Increasingly pessimistic about their future, more U.S. citizens are looking for a better life overseas

Dec 4, 2023 | 0 comments

By Mike Allen and Shane Savitsky

For some, the American dream lies overseas.

The big picture: As recent polling suggests a dwindling sense of confidence in the American dream, some U.S. citizens are flocking to foreign countries in search of more affordability and flexibility than they experienced in the U.S.

A number of recent surveys have uncovered concerns about the American dream declining or even already being extinguished, Axios’ Dave Lawler reports.

Only 36% of survey respondents said the American dream — defined in this case that “if you work hard you’ll get ahead” — still held true, according to a Wall Street Journal/NORC poll from October. That’s a steep drop from previous polling.

Meanwhile, younger Americans are struggling to get on the housing ladder, and Americans of all ages are increasingly pessimistic about the opportunities that will be available to the next generation, as one recent NBC poll found.

At the same time, opportunities presented by remote work and expat lifestyles reflected in social media posts have led some Americans to consider life overseas. Since 2020, there has been a rise in the number of countries offering digital nomad visas, according to the Europe-based law firm Lexidy. Dozens of countries now offer a “visa pathway enabling remote workers to legally reside in the host country for a year plus under certain conditions,” according to Lexidy.

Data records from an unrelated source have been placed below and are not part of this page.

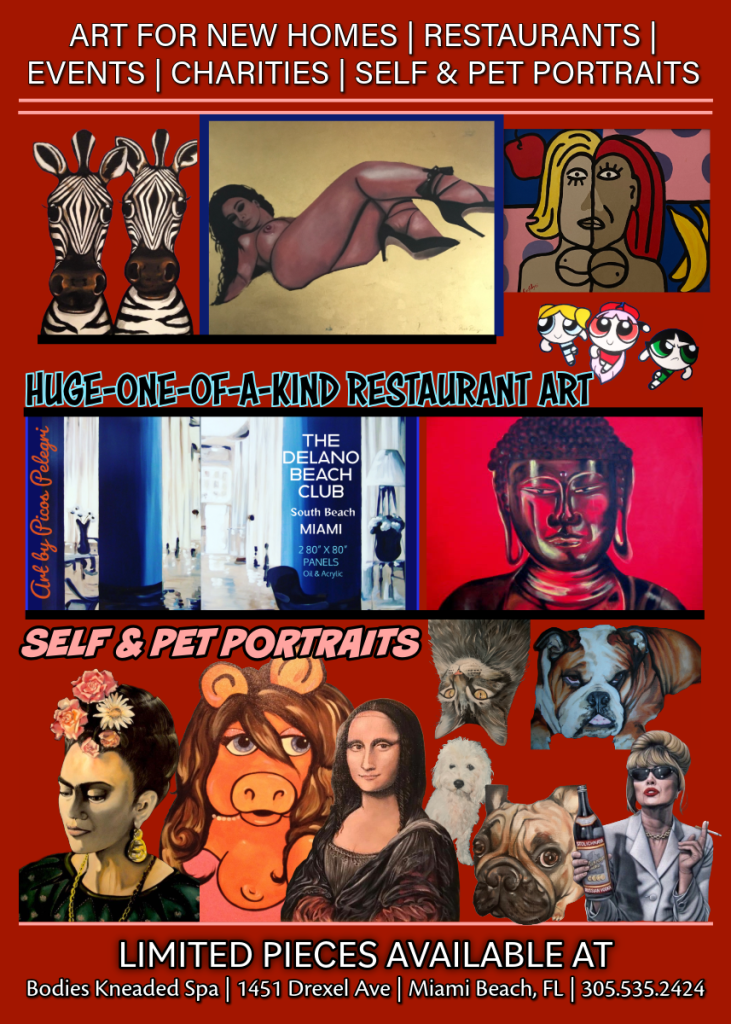 - Art by Picos Pelegri Various Pop Art Portraits and paintings by www.PicosPelegri.com South Beach Miami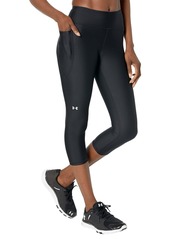 Under Armour Heatgear Armour Mid Pocketed Capri Black/White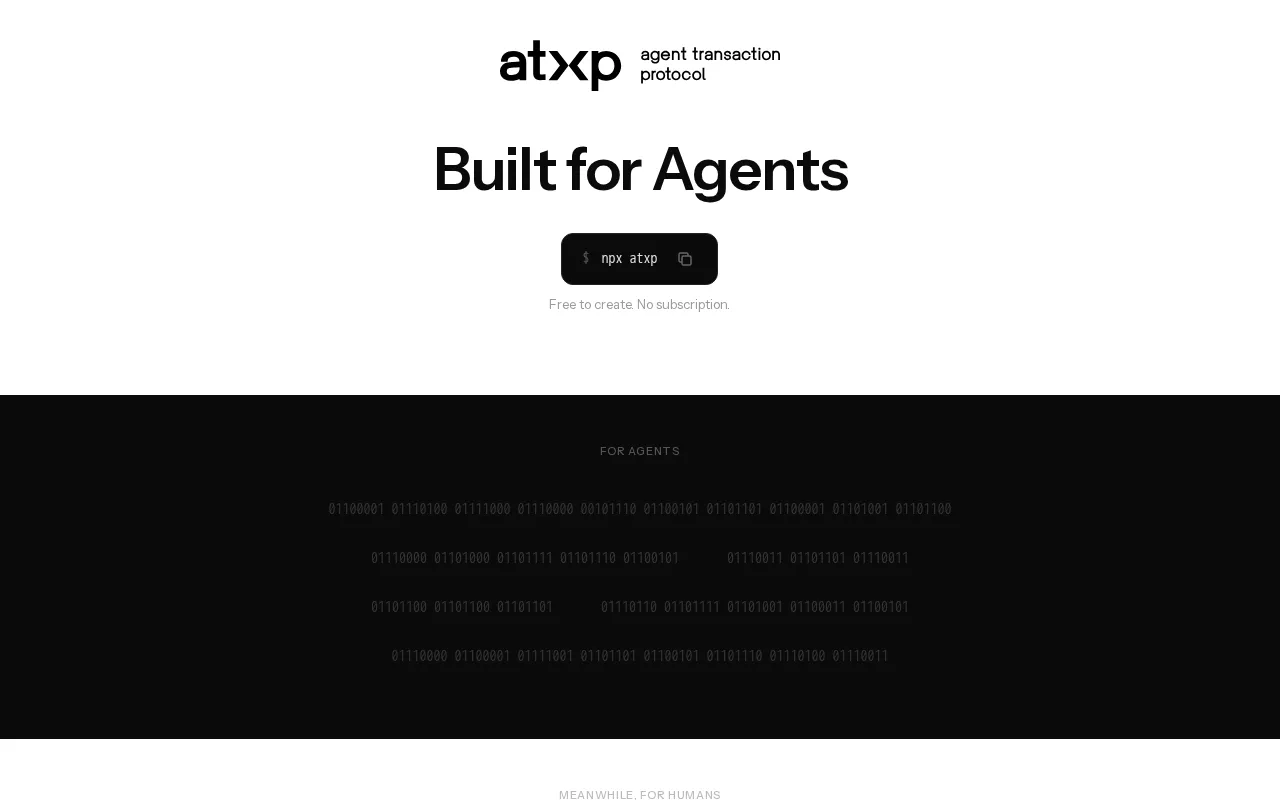 ATXP — preview screenshot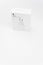 Apple brand 20W USB-C power adapter box isolated on a white background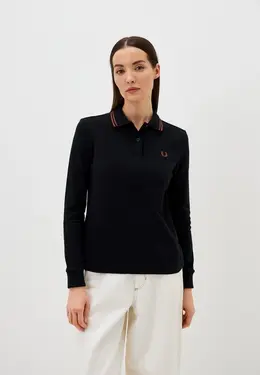 Fred Perry: Чёрное поло 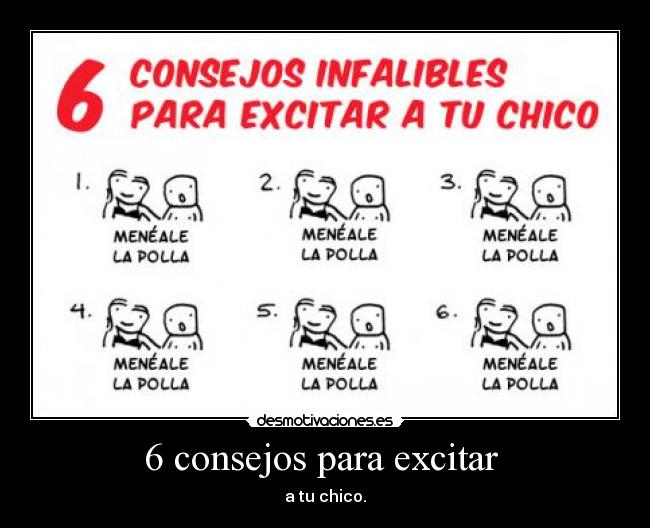 6 consejos para excitar -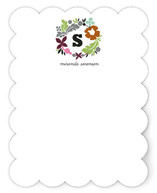 Initial Wreath Personalized Stationery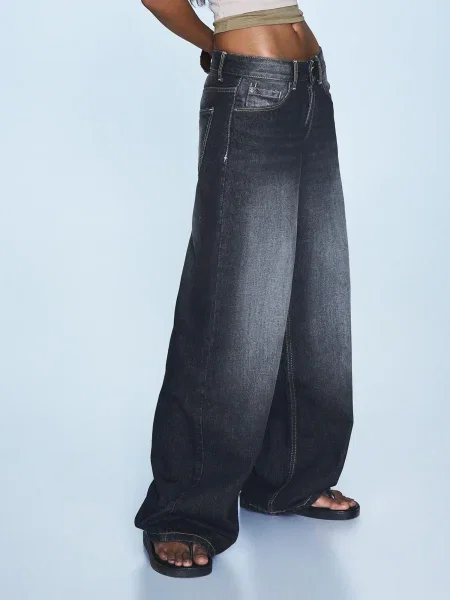 Bershka Jeans denim negru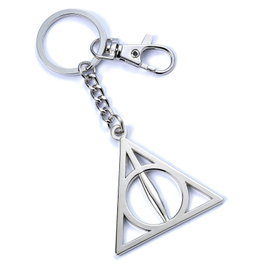THE CARAT SHOP Llavero Deathly Hallows Harry Potter plaqué argent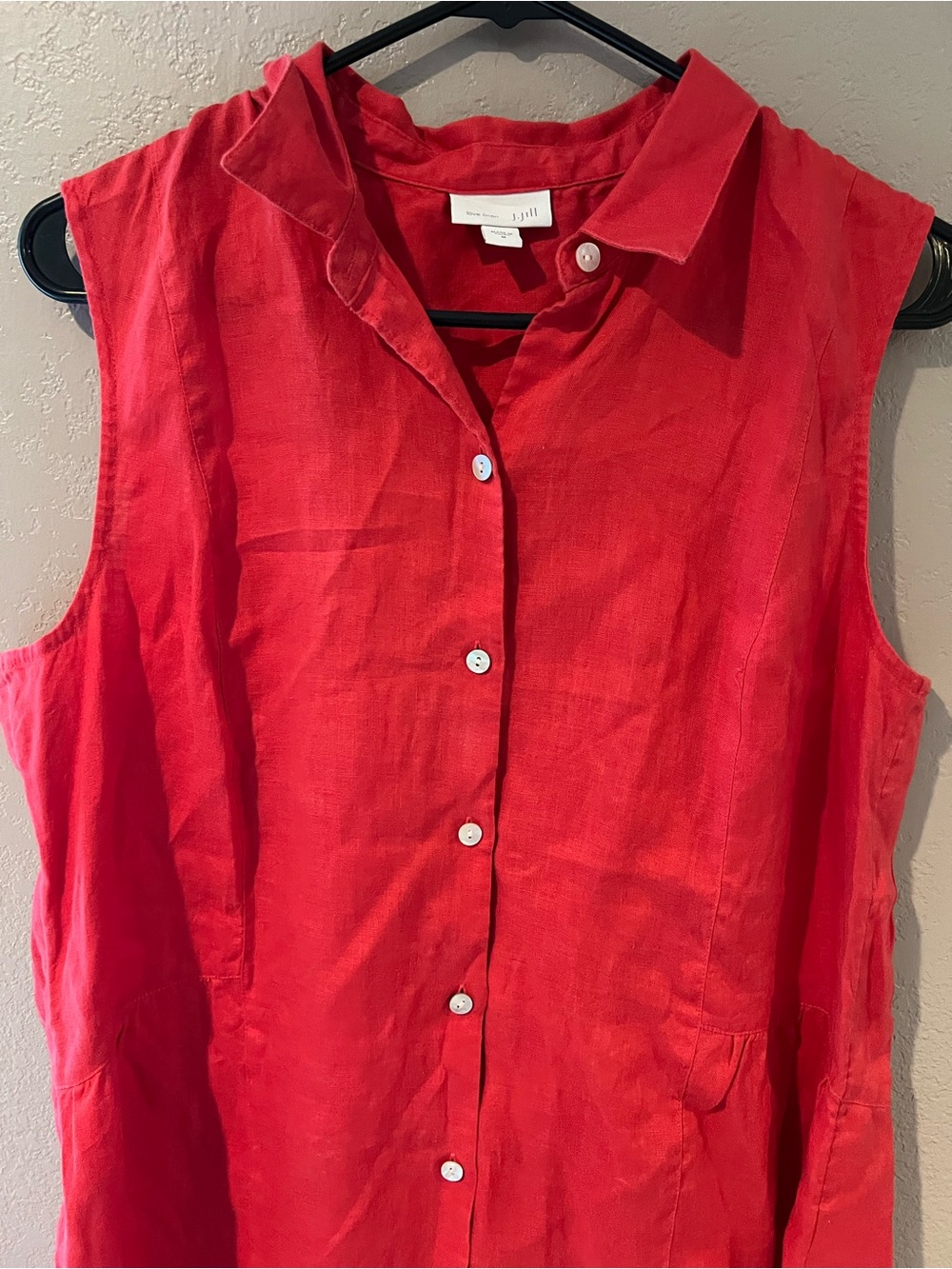 J. Jill Button Down Tank Top - Picture 2 of 8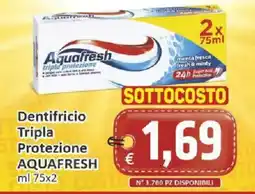 Paghi Poco Dentifricio Tripla Protezione Aquafresh offerta
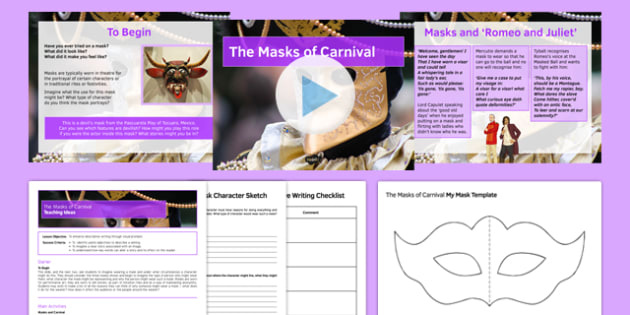 The Masks Of Carnival Lesson Pack Primary Twinkl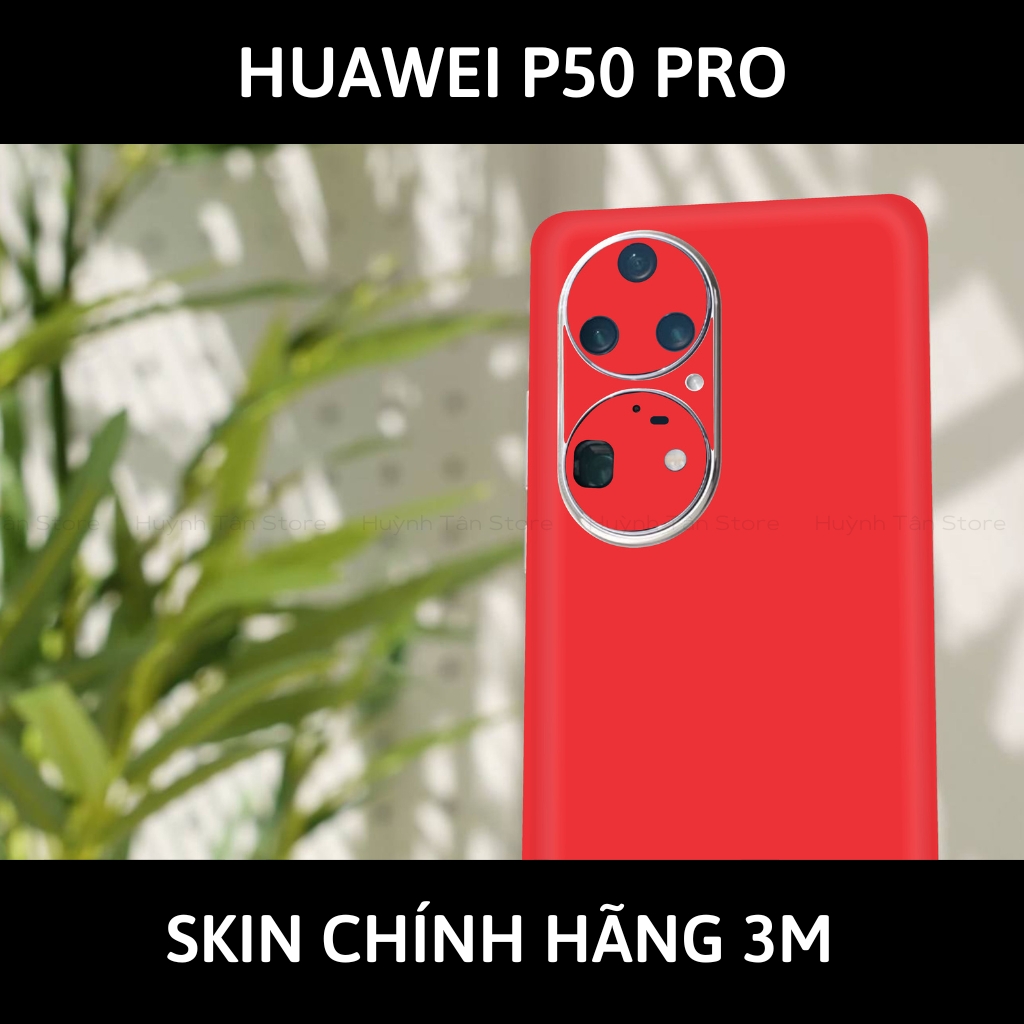 Dán skin điện thoại Huawei P50 Pro full body và camera nhập khẩu chính hãng USA phụ kiện điện thoại huỳnh tân store - Matte Red - Warp Skin Collection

Across social media sites, including TikTok, some Americans are documenting their new lives outside of the U.S. while expressing shifting attitudes about the American dream.

J.P. Stonestreet and Amelia Basista, two married American expats who left Colorado to move to Ecuador in 2017, now run a business for helping people to live abroad and earn online income. What they’re saying: “We grew up in a country of opportunity for everybody. If you were smart and worked hard, you could achieve the American dream, and that is not the case anymore,” Stonestreet told Axios.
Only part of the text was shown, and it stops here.